To find the first derivative, we differentiate the function once.

To differentiate, use the chain rule: `d/(dx) f(g(x)) = f'(g(x))g'(x)`

Let `f(x) = e^x` and `g(x) = ln(x^2)(1+e^-x) = 2ln(x)(1+e^-x)`

(using the rule `ln(a^b) = bln(a)` )

Then `d/(dx) f(g(x)) = e^(ln(x^2)(1+e^(-x)))g'(x)` (because `f'(x) = e^x`)
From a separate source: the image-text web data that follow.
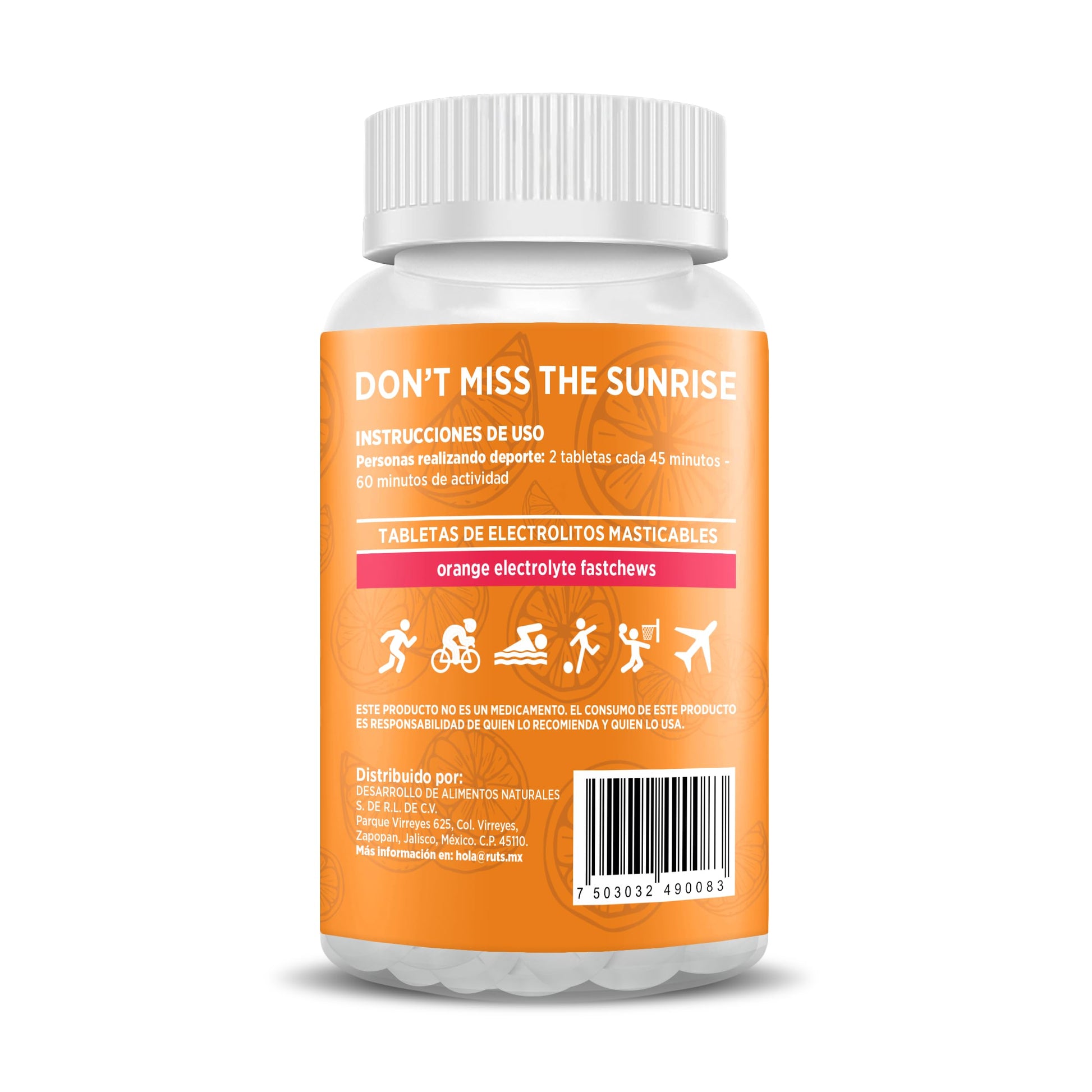 Electrolitos Masticables Ruts Energy Naranja + Gel Mix Ruts Energy (12 Geles)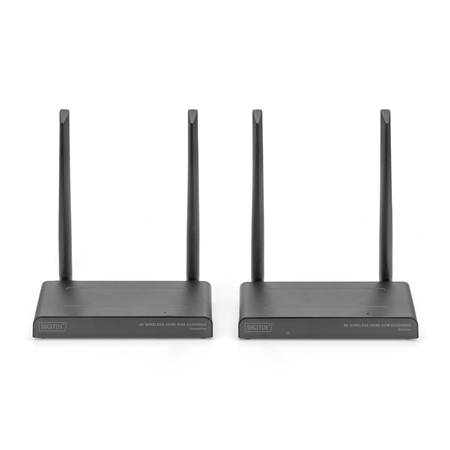 Digitus 4K Wireless HDMI KVM Extender Set, 150 m | DS-55328 | Black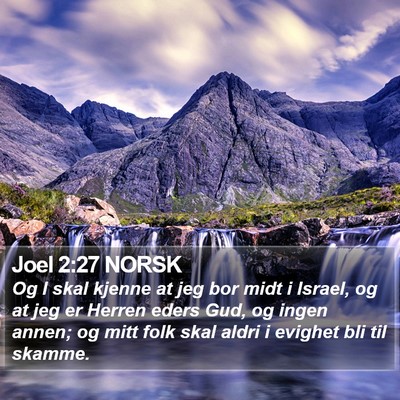 Joel 2:27 NORSK Bible Verse Image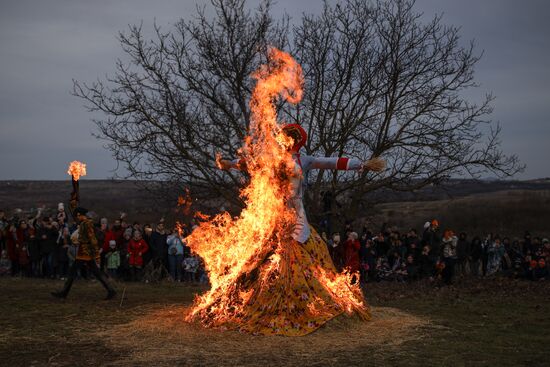 Russia Maslenitsa Celebration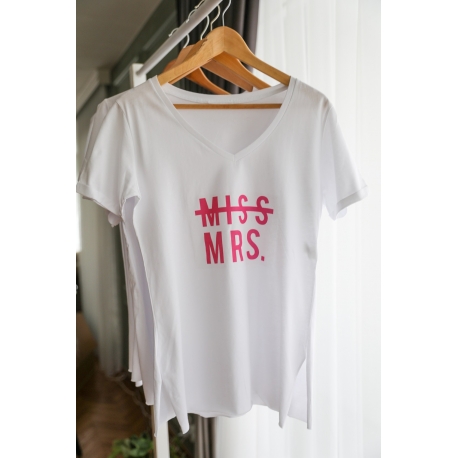 MISS-MRS BASKILI PEMBE GELİN TİŞORT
` `Now, `g'(x) = d/(dx) (2ln(x))(1+e^(-x)) + 2ln(x)d/(dx)(1+e^(-x))`

(using the multiplication rule of differentiation)

Which gives `g'(x) = 2/x(1+e^(-x)) + 2ln(x)(-e^(-x)) = 2/x(1+e^(-x)) -2ln(x)e^(-x)`

Plugging this back in to `d/(dx) f(g(x)) = f'(g(x))g'(x)`

Gives `d/(dx) f(g(x)) = e^(ln(x^2)(1+e^(-x)))(2/x(1+e^(-x))-2ln(x)e^(-x))`

**This is the first derivative dy/dx**